No aniversário de São Paulo, o Santander inaugurou noventa caixas eletrônicos que receberam intervenções de artistas da cidade. Como os artistas reagiram?
Alguns artistas eu conheço, é inusitado para eles pela complexidade do aparato, conectar arte em um equipamento metálico retangular, nada óbvio. Não se trata de um adesivo. O que eu tinha vontade de fazer é um grande mural, nem que seja virtual, do mosaico de todos reunidos. Um totem. Se nós somos capazes de fazer isso em um caixa eletrônico, imagina o que não poderíamos fazer em todos os viadutos de São Paulo. Integrá-los à vida urbana e não apenas à concretude do transporte urbano. Singapura tem envelopado de verde os seus, as- sim como a Cidade do México. A natureza brasileira poderia inteferir nesses grandes objetos de concreto na cidade (e nada contra o concreto, mas abraçar o concreto). Ou chamar artistas.
“Se caixa eletrônico pode servir de suporte
para a arte, imagina o que dá
pra fazer nos nossos viadutos”
Houve patrulha? Por ser em caixa eletrônico?
É muito interessante, quando você está se abastecendo, se confrontar com um objeto de arte, não só com uma máquina. Não existe espaço ideal para a arte, ela pode existir em qualquer lugar. Há equívocos do novo século de tirar importância do que é importante, de clichês ideológicos. A sociedade do século XXI não precisa de bancos, mas precisa de produtos e serviços financeiros. Que estão em processo de transformação nos bancos tradicionais, nos genuinamente novos, em concorrência transparente. Há um sentido claro do seu papel e também do mecenato.
Como?
A gente vai em busca dos artistas, sendo que a arte não foi o assunto mais debatido no país dos últimos dezoito meses. É ótimo que esteja no cotidiano das pessoas. Um colírio para um olho ressecado. Não temos nada de perfeitos, mas o papel construtivo, com dúvidas, onde vieses de direita e esquerda nos fazem perder essa visão.
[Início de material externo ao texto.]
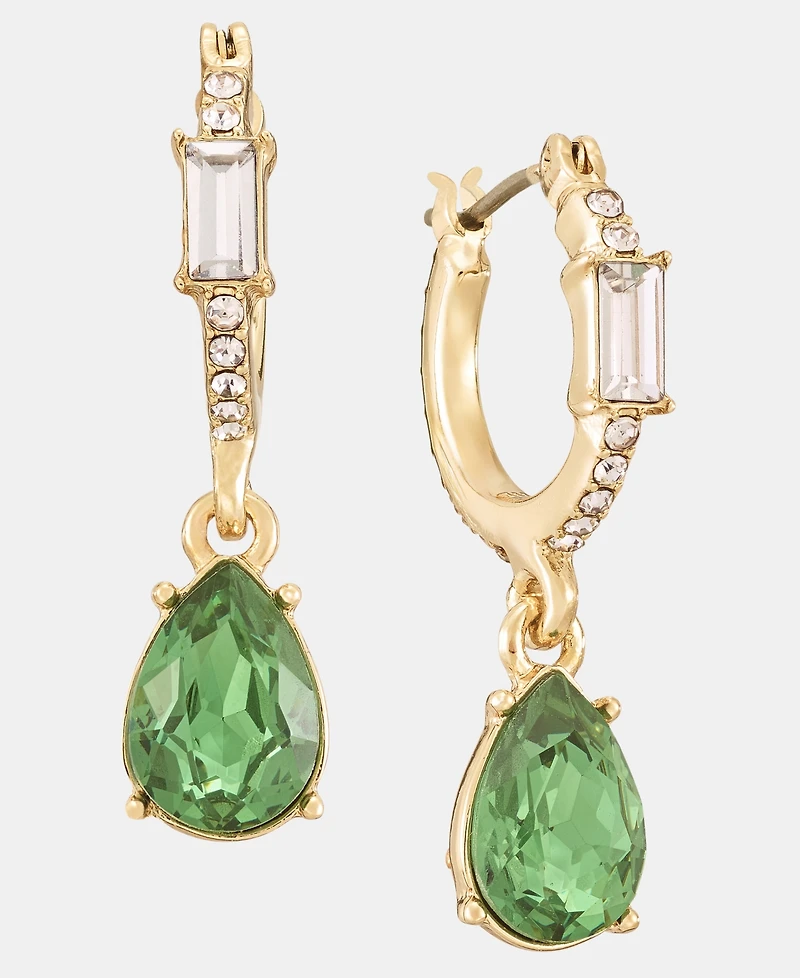 Givenchy Pear-Shape Crystal Charm Hoop Earrings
O senhor tem falado do centenário da Semana de Arte Moderna. O que poderíamos fazer?
Eu acho que deveríamos fazer pré-esquentas. Por isso pensei nos viadutos, nos caixas eletrônicos, onde as pessoas estão. São Paulo é uma cidade que já se atreveu a ousar em padrões de arte, literários, fora dos impostos pela cultura europeia. Foi um ato libertador, em busca de brasilidade, diversidade, sincretismo. Nunca foi tão importante resgatar o papel da arte na concepção das ideias. O que seria uma semana de modernismo em 2022? Que simbologia temos a resgatar? O que significa ser urbano ou morar na cidade mais rica do país? Hoje, as ideias estão até mais confusas, pela revolução tecnológica. A tecnologia anda mais rápida que nossa capacidade cognitiva.
Publicado em VEJA SÃO PAULO de 10 de fevereiro de 2021, edição nº 2724.